There was limited indication that participants used objective measures or validated tools to assess tongue structure, oral motor skills or feeding skills. Only 23% measured ‘Maxillary Incisive Papillae at Room of Mouth’ (MOTTIP), and only 16% used the Quick Tongue-Tie (QTT) tool, which is a specialised instrument used to measure free-tongue measurement, lingual frenulum length, tongue protrusion and/or tongue elevation. This may be due to a lack of awareness, use of estimation or anatomical reference points instead of objective measurement, intolerance of measurement procedures by younger children, or lack of fit of tools to the needs of clinicians. For example, clinical assessment tools such as the Test of Masticating and Swallowing Solids (TOMASS) were developed for healthy adults from 20 to 80 years of age, and were later modified and a normative database was established for 638 children from 4 to18 years of age in two commercially available crackers in four countries, and then for 2 to 4 year-old children in Australia (
Huckabee et al., 2018; Frank et al., 2019;
Porter et al., 2024).
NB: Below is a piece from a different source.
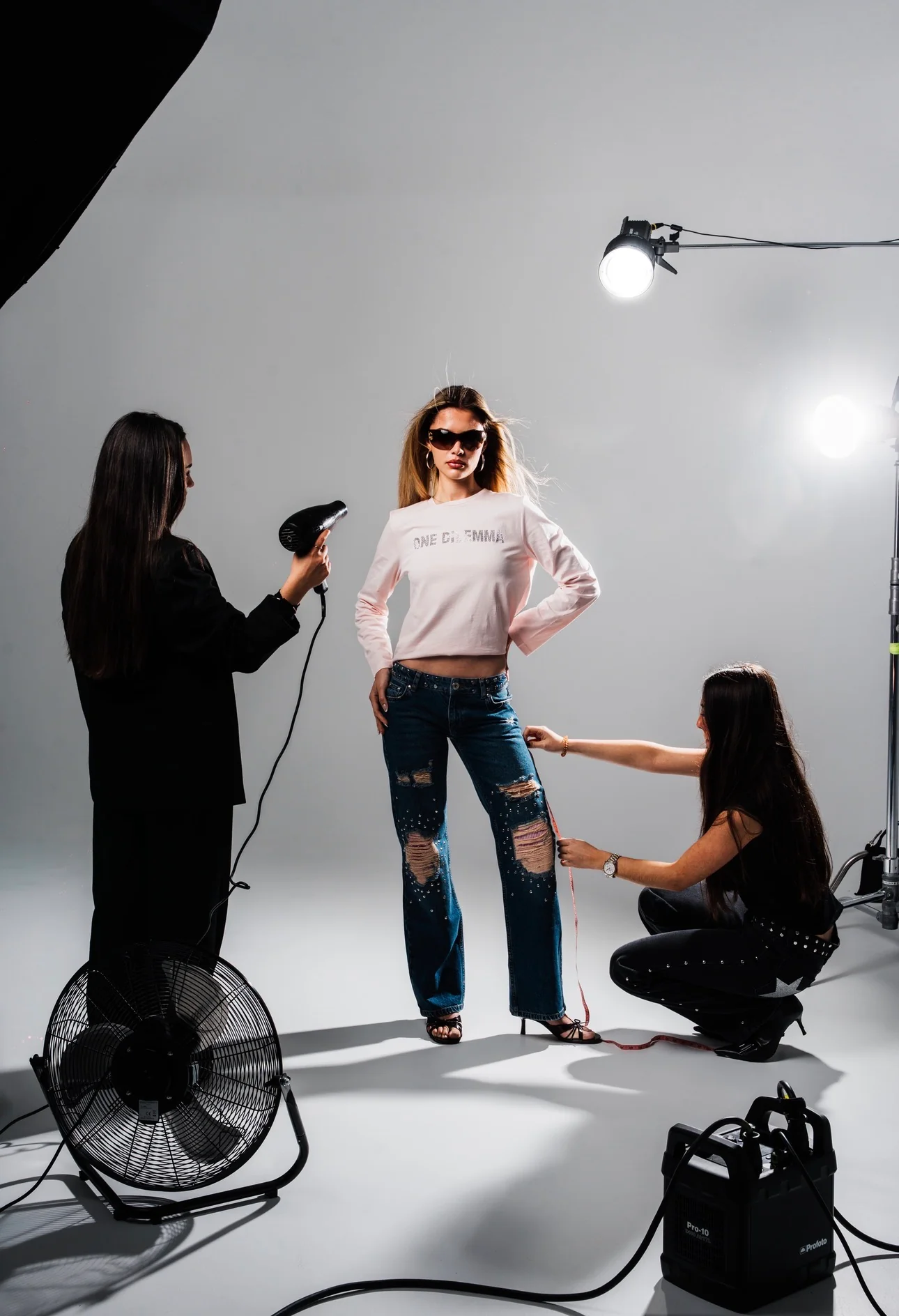 RIPPED STRAIGHT JEANS - Image 7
The TOMASS was not identified or may not have been widely adopted for clinical use at the time of survey completion.
The results from this survey do not specifically indicate which of the measures selected were considered primary diagnostic indicators for TT and which were part of routine, comprehensive or exclusionary assessment procedures. Several participants commented that diagnosis of TT is typically not the focus of clinical assessment and that the measures they reported using were part of a routine comprehensive assessment of a child’s speech, language, and swallowing skills. This reflects comments by
Walsh and Tunkel (
2017) that simplistic TT diagnostic frameworks do not reflect the complexities of speech and feeding mechanisms and tongue development, and thus do not explain the subsequent variability in presentation and treatment outcomes for children with TT.
CONCLUSION
This study aimed to explore the assessment practices of SLPs and their assessment of tongue structure and function in 1 to 10 year-old children with suspected TT. The results revealed widespread use of measures across structural, functional, and feeding assessment areas by participants, as well as geographic disparities. The study highlighted limitations in the use of validated or objective tools, with a low percentage of participants employing specific instruments. The findings also underscored the complexity of diagnosing TT, and the need to include a range of measures from comprehensive case history, oral examinations of tongue structure, oral motor tasks, speech and feeding functions. Of concern, is the use of assessment tools designed for infants up to 12 months of age, suggesting a gap or lack of awareness in age-appropriate tools for older children. This study emphasised the need for more comprehensive, age-appropriate and clinically efficient tools to assess tongue structure and function in the differential diagnosis of TT in older children.